Resisting in the mountains in Mexico: using territory and self-determination to resist COVID-19

By Tania Martinez, this piece was originally written for a series of reflections on access to food security on the face of COVID19 as part of the Collective on Agrarian Scholar-activists from the South (casas.org) and can be found at https://casasouth.org/resisting-in-the-mountains-using-territory-and-self-determination-to-resist-covid-19/

A Mixe woman on a Sunday market in Tamazulapam Mixe, Oaxaca,

Mexico is a diverse country and as such, each region is coping with COVID19 in different ways with the resources they have. Today, I will describe the coping mechanisms of my hometown, Tamazulapam Mixe, a little indigenous community located in the mountains of “Sierra Norte” in Oaxaca, Mexico. Many people know us as ‘the never conquered people’, who successfully resisted the colonisers when they came in the 1500s. We take pride in our maintained ‘sovereignty and autonomy’ connecting us to our territory and identity as Mixe or ‘Ayuuk’ people and which we have used to face many challenges like COVID19.

The first case of COVID19 in Mexico was registered on February 27th, 2020 (Gobierno de Mexico, 2020). The government called for a lockdown on March 20th to reduce the effects of the virus, though responses to the virus are taking longer in rural areas like my community for several different reasons. First, communication and information flow slowly in rural areas, due to poor accessibility and communication infrastructure. Second, most of the information generated about COVID is in Spanish and has only been partially translated into Mixe and other native languages, and at a slower rate, leading to confusion about the danger the virus poses. Since the disease is new to the world, my community, like many others, was not fully aware of the seriousness of it. Many people believed that the little hospital in my village, with the promises that they have been told about modern medicine, could protect them if they caught the disease. Recently, young people and NGOs have played key roles in making audio-visual materials available in native languages and creating awareness in our communities about the situation and lack of equipment to treat infected people along with local authorities. Third, for several communities like mine that are community-based organised and where collective activities are a key component of the social fabric, the idea of personal lockdowns as it has been perceived in most of the places does not fit the community and rather the lockdown operates on a community basis. A key component of my community is the cosmovision that places the importance of the communal celebrations of life. These celebrations cannot be easily stopped as they are core to our beliefs. Local authorities have cancelled community meetings and which occurred frequently until new notice, classes have been suspended and people have been invited to reduce their group gatherings as much as possible. In the face of all these challenges, the community decided to try to continue life as normal as possible with some preventive actions when possible and to use a community-based lockdown, preventing the entry of any person that is not from the Mixe region, especially people from the cities who might be a vector of infection. Thus, the sense of sovereignty and territory becomes a central feature in the fight to prevent the infection on a community rather than on an individual level.

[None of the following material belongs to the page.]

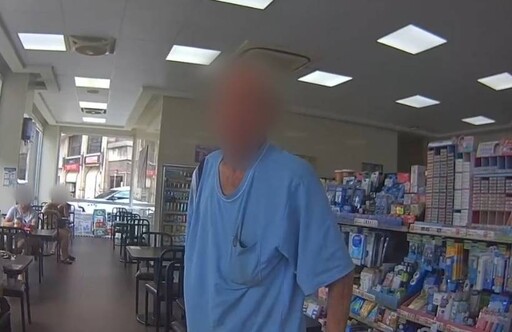 9旬翁徒步走整夜迷途困坐超商 八德警協尋助平安返家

Locally produced food by Mixe peasants

Another important component of the response to security in general. Research in Mexico suggests that at least 53% (Reyes, 2020) of jobs are informal, meaning that many people do not have access to basic social security. When the lockdown was announced, many of my people that have migrated to urban areas and live there most of the time, returned to my community because they feel safer in the community than in the cities where they can rely on shared responsibility for each other. This also links to the living costs that are lower in the community vs in the city and the sense of community and the sharing of resources for survival, i.e. you can rely on your family, friends, neighbours and community for food, house, care, among others. In response, some local authorities (CEPIADET, 2020) are asking urban migrants to think twice when moving back to our communities as they could bring the disease back with them. As in my community, in many territories of Oaxaca, Mexico, our right to self-determination, our self-governing structure, our community-based organisation and our rights on our territories are tools that we can use in the face of this pandemic. 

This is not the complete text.